Los que comen pistaches en el cine

 

Este ensayo proviene de nuestro especial de cine y comida –marzo, 2015–; lo reprodujimos con permiso de su autor. 

por Leonardo García Tsao (El Nacional, 1990); foto: Ana Lorenzana

Para nadie es un secreto que el principal negocio del cine no está en las películas, sino en lo que come la gente al verlas. Si acudimos a las cifras, confirmaremos aquello de que los cines en México son en realidad expendios de golosinas donde resulta que proyectan películas. (Por ejemplo, los ingresos del cine Continental durante un mes mostraron que se ganó 64 por ciento más por ventas en dulcería que por concepto de boletaje; o sea que gracias a la extorsión que ejercieron los niños a los papás que los llevaron a la Casa Disney, el abundante consumo de chuchulucos superó ampliamente las ganancias de la taquilla.) De ahí la importancia mercantil de los intermedios arbitrarios, que no son otra cosa que una invitación a que el público vuelva a proveerse de comida chatarra. 

palomitas

Eso significa que el cinéfilo riguroso, que odia que mastiquen a su alrededor mientras él atiende un ritual casi sagrado, estará condenado a las molestias inherentes a esa costumbre mientras asista a una sala pública. Molestias que van desde las diversas fuentes de ruido –las bolsas de plástico (sobre todo cuando algún ocioso las hace estallar), la lata de refresco que inicia su descenso por los pasillos– hasta el quedarse pegado a un suelo viscoso de mengambrea. 

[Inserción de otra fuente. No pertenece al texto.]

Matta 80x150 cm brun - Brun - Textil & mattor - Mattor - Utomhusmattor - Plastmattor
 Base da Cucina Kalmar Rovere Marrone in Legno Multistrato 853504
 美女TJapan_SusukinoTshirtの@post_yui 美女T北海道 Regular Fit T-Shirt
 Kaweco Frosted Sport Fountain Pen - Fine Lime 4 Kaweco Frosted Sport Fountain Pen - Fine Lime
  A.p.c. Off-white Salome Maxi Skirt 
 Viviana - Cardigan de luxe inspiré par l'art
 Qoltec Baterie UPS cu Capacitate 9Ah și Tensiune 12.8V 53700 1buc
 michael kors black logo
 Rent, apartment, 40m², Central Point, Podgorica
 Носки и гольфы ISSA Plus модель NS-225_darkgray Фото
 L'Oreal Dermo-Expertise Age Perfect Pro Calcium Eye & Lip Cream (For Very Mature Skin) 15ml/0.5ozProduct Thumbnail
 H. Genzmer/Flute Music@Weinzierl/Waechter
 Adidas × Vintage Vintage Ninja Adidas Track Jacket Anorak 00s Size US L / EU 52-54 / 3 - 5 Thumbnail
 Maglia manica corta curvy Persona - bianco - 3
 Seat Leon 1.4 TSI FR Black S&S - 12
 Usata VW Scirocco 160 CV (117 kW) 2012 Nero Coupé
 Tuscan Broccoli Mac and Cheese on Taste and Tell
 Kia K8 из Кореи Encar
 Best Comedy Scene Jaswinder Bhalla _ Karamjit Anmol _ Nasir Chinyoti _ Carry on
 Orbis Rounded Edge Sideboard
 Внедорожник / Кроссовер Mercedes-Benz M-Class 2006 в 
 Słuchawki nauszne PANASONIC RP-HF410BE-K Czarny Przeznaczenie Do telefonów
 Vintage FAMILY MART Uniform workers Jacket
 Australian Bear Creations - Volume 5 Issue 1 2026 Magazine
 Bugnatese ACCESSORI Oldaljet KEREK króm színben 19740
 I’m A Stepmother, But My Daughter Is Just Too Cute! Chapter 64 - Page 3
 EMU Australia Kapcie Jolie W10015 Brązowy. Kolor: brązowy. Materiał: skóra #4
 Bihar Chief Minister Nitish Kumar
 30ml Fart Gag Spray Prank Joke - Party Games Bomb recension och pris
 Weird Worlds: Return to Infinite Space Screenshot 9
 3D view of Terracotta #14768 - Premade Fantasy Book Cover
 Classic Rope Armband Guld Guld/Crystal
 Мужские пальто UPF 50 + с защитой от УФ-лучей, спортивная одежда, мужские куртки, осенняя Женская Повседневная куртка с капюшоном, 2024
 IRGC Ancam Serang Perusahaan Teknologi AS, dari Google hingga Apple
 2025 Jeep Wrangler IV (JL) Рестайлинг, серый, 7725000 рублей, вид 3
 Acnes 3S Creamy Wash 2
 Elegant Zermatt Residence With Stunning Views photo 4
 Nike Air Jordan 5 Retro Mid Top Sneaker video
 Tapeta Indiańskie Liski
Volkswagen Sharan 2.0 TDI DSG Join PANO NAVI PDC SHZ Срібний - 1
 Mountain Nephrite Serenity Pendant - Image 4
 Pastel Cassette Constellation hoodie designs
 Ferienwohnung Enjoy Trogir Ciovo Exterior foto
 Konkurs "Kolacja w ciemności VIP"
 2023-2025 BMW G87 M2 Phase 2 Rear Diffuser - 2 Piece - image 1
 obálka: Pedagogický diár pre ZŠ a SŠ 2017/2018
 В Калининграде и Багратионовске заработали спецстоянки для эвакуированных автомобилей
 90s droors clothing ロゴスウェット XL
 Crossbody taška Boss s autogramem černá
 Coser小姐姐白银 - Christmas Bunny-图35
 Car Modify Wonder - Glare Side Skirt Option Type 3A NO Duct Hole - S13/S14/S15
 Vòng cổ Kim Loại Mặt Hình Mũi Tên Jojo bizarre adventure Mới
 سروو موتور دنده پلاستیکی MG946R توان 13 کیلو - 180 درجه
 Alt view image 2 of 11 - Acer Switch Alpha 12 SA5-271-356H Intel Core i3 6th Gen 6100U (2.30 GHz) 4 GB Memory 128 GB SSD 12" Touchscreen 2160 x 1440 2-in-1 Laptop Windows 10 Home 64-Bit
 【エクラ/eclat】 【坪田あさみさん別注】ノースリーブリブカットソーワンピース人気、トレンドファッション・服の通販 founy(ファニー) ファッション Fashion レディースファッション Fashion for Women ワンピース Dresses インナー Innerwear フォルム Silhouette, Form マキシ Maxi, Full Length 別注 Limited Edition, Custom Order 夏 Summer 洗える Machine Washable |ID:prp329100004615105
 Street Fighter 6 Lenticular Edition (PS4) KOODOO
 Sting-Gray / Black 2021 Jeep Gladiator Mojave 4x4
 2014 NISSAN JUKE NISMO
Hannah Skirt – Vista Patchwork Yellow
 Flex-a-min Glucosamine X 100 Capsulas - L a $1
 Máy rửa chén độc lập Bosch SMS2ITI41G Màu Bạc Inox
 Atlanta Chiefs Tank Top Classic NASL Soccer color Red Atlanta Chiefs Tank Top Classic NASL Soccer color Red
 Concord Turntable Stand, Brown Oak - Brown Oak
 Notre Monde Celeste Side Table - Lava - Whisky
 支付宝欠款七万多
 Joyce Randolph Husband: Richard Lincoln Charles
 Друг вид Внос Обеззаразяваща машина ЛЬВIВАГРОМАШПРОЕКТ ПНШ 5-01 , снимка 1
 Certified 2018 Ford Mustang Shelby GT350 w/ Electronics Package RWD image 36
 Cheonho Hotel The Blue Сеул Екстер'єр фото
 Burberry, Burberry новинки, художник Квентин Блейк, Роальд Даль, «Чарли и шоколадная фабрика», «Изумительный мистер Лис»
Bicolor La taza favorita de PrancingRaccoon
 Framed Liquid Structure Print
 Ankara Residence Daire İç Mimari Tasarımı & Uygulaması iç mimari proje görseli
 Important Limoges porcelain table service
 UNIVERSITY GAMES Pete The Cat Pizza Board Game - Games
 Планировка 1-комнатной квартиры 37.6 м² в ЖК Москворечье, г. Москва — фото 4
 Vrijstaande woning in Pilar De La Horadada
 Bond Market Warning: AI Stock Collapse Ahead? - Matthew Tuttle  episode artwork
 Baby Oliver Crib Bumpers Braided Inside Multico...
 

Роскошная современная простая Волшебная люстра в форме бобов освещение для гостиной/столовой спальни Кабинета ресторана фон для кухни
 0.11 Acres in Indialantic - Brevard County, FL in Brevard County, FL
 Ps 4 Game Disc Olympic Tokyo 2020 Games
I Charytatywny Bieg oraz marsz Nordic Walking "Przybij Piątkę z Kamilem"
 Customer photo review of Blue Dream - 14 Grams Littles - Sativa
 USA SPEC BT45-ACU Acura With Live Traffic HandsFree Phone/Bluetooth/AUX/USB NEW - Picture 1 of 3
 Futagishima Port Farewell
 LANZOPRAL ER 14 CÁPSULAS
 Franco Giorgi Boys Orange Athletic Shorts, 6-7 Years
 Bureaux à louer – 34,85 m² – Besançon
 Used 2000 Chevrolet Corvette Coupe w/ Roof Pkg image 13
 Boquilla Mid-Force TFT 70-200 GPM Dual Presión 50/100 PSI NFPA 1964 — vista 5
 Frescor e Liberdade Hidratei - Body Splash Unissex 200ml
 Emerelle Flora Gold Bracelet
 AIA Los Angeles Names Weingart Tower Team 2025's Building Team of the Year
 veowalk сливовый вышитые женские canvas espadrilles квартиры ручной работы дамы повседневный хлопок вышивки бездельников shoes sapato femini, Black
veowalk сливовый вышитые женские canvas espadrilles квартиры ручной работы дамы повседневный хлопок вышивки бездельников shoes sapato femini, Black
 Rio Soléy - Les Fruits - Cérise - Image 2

Pero ni las llamadas salas de arte ni la Cineteca pudieron prescindir de esa fuente inagotable de billete, por lo que todavía recuerdo las justificadas protestas de los críticos —en especial José de la Colina, quien siempre declaró su desprecio a los colombófagos (forma culta de designar a los comedores de palomitas)— cuando se descubrió que hasta el pequeño Salón Rojo de la antigua Cineteca contaba con una dulcería. El único caso de restricción que conozco se daba en un circuito ya desaparecido de “salas de arte” hacia el final de sus días; aunque aún había dulcerías, los empleados de los cines impedían que el público entrara a la sala de proyección con golosinas en mano. Según corre el rumor, más que un intento del dueño de respetar la apreciación del cine, se trataba de lesionar las ganancias de las dulcerías, que para entonces eran propiedad de una de sus ex esposas tras un litigio conyugal. Hay que resignarse al hecho de que nunca se dejará de comer en los cines. Pero no al abuso que muchas veces implica comprar en las dulcerías. El espectador perspicaz se habrá dado cuenta de la dramática reducción que sufrieron las bolsas de palomitas, cortadas a un tercio de su tamaño original pero vendidas al mismo precio. ¿Y el precio del refresco? Una lata en los cines cuesta seis pesos; mejor vaya al súper, y cómprese un envase de dos litros por dos pesos más. A propósito de esto, no es mala la idea de las familias que entran al cine de segunda con una bolsa de mandado rebosante de viandas (aunque las delate el olor a cebolla que emana de las tortas).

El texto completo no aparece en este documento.